Directions:
With pictures excluded, copy word for word the lines in the data below from the line containing "Purple tulips sticker (Front)" through the line containing "Baby, a Adoptable".
==== Extracted records
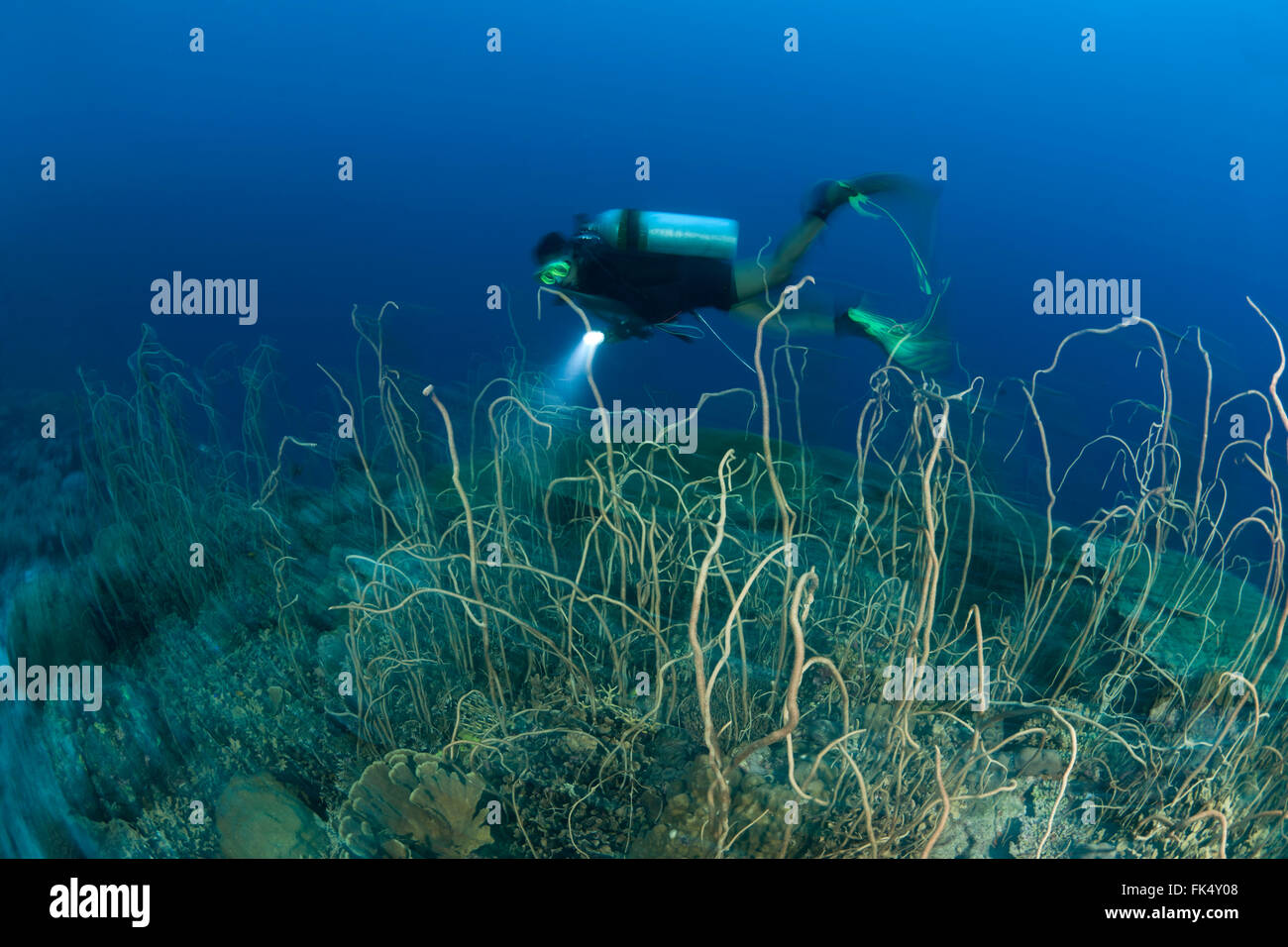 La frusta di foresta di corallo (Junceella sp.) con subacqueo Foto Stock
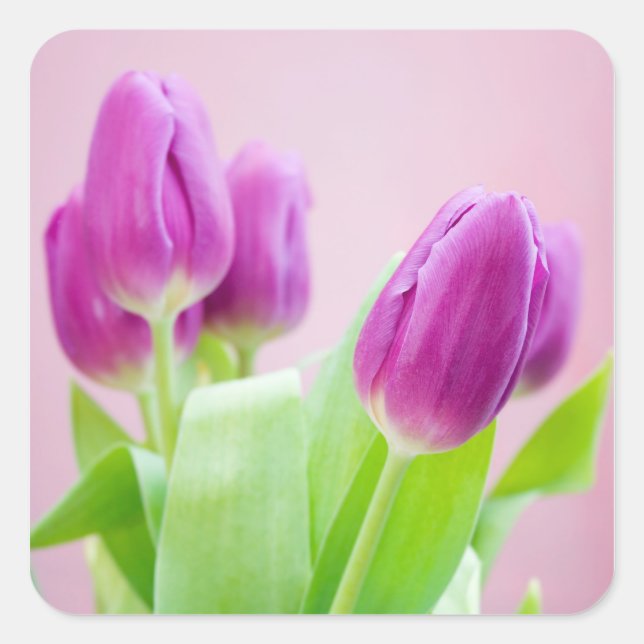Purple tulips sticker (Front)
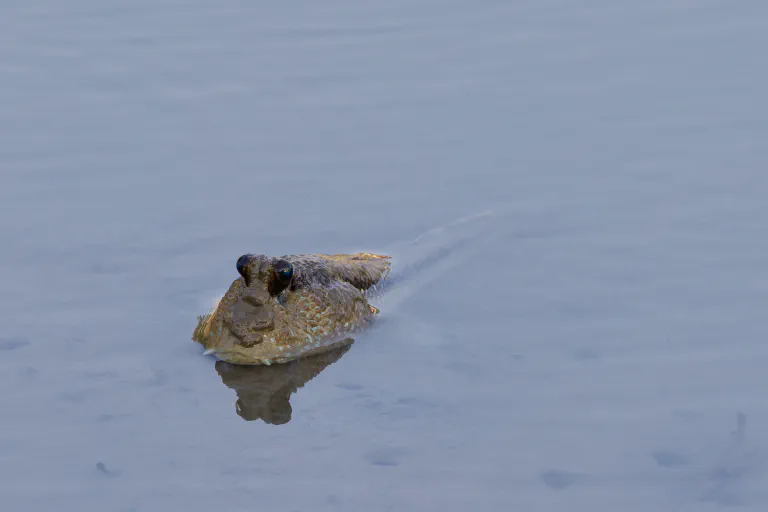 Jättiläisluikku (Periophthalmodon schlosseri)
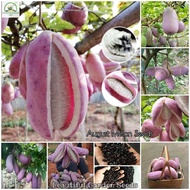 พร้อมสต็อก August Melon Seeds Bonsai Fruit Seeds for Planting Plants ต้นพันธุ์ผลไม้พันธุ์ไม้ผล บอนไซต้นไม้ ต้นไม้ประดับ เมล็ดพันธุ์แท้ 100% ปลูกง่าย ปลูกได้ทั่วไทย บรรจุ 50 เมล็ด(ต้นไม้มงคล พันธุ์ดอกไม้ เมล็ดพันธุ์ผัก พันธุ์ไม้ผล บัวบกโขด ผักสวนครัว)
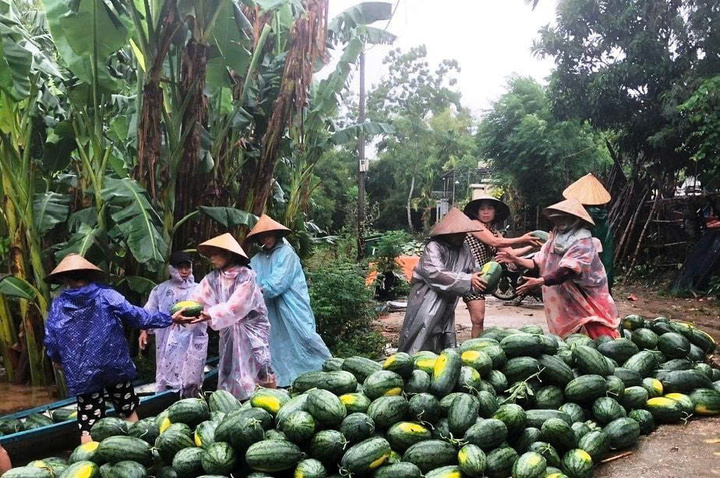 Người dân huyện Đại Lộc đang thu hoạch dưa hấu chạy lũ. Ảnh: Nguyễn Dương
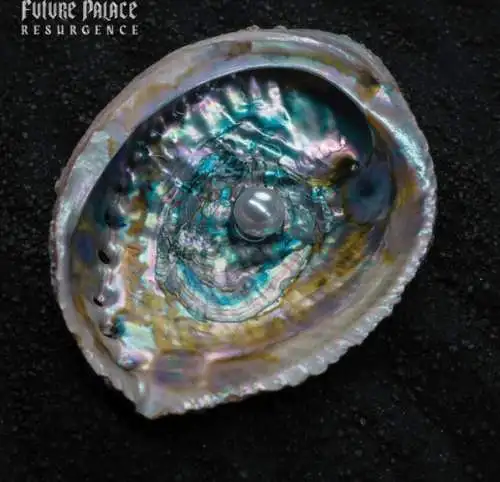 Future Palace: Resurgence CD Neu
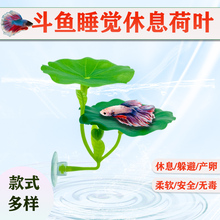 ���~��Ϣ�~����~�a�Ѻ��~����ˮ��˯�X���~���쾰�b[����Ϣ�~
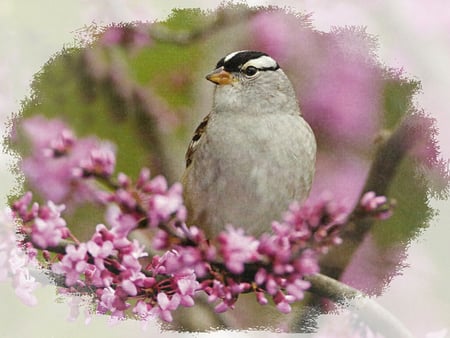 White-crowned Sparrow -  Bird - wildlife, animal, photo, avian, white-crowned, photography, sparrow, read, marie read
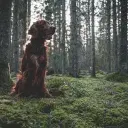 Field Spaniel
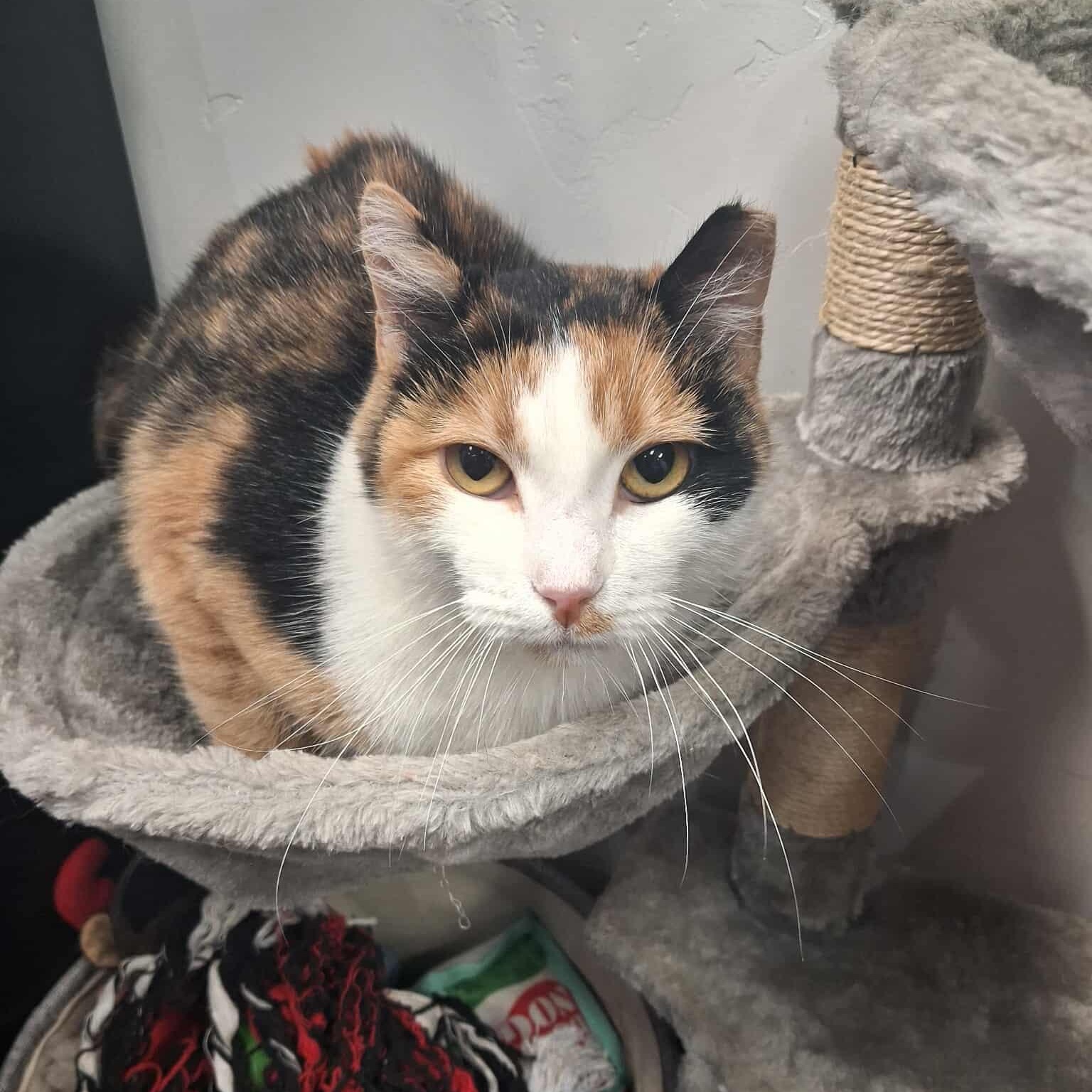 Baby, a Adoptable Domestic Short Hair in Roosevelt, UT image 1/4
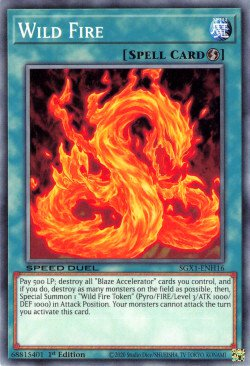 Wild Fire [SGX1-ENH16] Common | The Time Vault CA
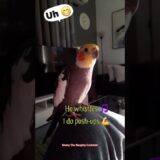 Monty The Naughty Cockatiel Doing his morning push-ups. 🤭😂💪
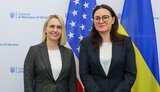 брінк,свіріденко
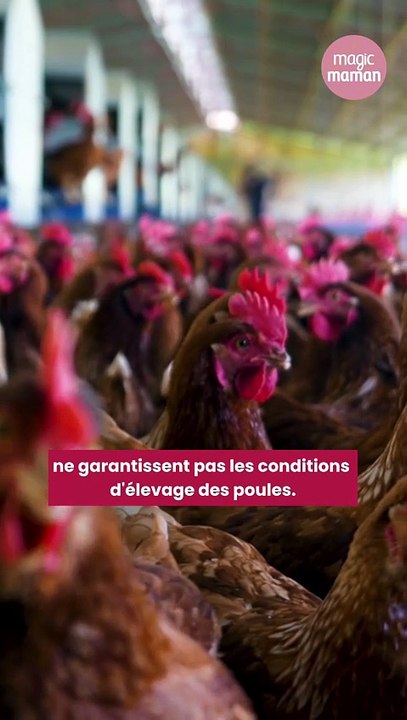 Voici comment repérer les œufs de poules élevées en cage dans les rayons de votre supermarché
========
Reply to the exercise:
Purple tulips sticker (Front)
 Jättiläisluikku (Periophthalmodon schlosseri)
 พร้อมสต็อก August Melon Seeds Bonsai Fruit Seeds for Planting Plants ต้นพันธุ์ผลไม้พันธุ์ไม้ผล บอนไซต้นไม้ ต้นไม้ประดับ เมล็ดพันธุ์แท้ 100% ปลูกง่าย ปลูกได้ทั่วไทย บรรจุ 50 เมล็ด(ต้นไม้มงคล พันธุ์ดอกไม้ เมล็ดพันธุ์ผัก พันธุ์ไม้ผล บัวบกโขด ผักสวนครัว)
 Người dân huyện Đại Lộc đang thu hoạch dưa hấu chạy lũ. Ảnh: Nguyễn Dương
 Future Palace: Resurgence CD Neu
 ���~��Ϣ�~����~�a�Ѻ��~����ˮ��˯�X���~���쾰�b[����Ϣ�~
 White-crowned Sparrow -  Bird - wildlife, animal, photo, avian, white-crowned, photography, sparrow, read, marie read
 Field Spaniel
 Baby, a Adoptable Domestic Short Hair in Roosevelt, UT image 1/4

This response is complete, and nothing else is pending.